# Exploratory Data Analysis

This notebook is intended for exploratory data analysis (EDA) on the waste classification dataset. The goal is to understand the dataset better, visualize the distribution of classes, and prepare for training the EfficientNet model.

In [1]:
import os
import matplotlib.pyplot as plt
import seaborn as sns
from PIL import Image
import numpy as np

# Set the path to the dataset
data_dir = '../data/'
categories = os.listdir(data_dir)

print('Categories:', categories)

In [2]:
# Visualize the distribution of classes
class_counts = [len(os.listdir(os.path.join(data_dir, category))) for category in categories]

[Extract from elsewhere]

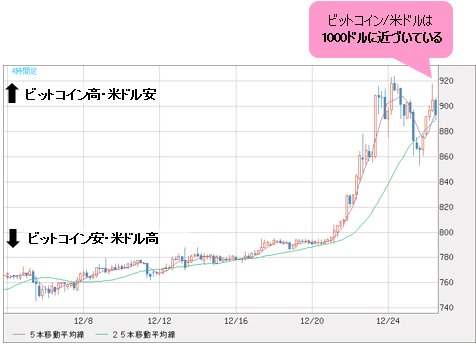 ビットコイン/米ドル 4時間足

plt.figure(figsize=(10, 6))
sns.barplot(x=categories, y=class_counts)
plt.title('Distribution of Waste Classes')
plt.xlabel('Waste Class')
plt.ylabel('Number of Images')
plt.xticks(rotation=45)
plt.show()

In [3]:
# Display some sample images from each class
plt.figure(figsize=(12, 8))
for i, category in enumerate(categories):
    img_path = os.path.join(data_dir, category, os.listdir(os.path.join(data_dir, category))[0])
    img = Image.open(img_path)
    plt.subplot(2, 3, i + 1)
    plt.imshow(img)
    plt.title(category)
    plt.axis('off')
plt.tight_layout()
plt.show()

## Conclusion

In this notebook, we explored the waste classification dataset by visualizing the distribution of classes and displaying sample images. This analysis will help inform the training process for the EfficientNet model.